| Information shown |
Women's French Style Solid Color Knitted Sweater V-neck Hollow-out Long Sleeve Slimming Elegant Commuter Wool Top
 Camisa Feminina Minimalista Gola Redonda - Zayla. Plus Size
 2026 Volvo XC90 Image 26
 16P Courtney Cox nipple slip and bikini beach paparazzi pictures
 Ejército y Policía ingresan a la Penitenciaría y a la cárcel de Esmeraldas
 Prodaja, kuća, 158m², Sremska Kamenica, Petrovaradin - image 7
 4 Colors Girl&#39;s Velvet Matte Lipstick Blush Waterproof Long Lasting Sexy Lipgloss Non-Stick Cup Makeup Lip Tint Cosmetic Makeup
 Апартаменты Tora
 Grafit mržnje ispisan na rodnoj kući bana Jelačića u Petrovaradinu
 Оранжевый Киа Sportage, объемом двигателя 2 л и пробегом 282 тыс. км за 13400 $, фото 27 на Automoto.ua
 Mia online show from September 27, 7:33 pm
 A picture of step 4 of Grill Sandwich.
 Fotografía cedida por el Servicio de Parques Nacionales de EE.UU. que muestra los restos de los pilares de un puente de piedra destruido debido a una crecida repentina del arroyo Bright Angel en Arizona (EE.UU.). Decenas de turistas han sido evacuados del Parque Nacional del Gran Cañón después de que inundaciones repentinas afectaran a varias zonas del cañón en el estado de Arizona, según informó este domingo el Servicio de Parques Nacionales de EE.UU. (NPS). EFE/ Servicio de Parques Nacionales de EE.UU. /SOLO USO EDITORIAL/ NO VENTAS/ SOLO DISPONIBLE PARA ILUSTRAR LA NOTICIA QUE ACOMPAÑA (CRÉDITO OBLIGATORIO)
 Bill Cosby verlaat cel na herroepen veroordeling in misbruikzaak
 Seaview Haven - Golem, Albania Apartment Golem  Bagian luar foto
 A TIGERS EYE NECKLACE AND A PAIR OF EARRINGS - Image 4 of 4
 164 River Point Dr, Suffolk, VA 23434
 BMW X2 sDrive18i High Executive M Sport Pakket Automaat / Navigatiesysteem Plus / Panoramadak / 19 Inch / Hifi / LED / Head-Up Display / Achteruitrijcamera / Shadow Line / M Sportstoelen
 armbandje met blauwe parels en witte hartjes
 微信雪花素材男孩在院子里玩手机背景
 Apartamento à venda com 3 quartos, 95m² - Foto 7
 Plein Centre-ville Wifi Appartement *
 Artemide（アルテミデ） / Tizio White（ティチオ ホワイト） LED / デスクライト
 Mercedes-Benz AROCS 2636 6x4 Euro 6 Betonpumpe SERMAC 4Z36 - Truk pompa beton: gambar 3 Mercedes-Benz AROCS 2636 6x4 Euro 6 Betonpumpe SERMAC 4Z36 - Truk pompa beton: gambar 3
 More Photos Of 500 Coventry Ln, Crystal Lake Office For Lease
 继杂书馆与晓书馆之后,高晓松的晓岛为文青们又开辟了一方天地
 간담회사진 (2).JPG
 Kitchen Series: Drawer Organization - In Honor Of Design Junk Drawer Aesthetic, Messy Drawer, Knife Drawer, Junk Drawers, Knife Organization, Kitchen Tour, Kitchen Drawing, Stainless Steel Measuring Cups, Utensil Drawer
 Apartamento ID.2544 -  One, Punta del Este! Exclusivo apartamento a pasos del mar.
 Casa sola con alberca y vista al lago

| Instructions for the task |
What number of lines in the data above include the string "Apartamento"? Answer with that number only.

| Output of the task |
2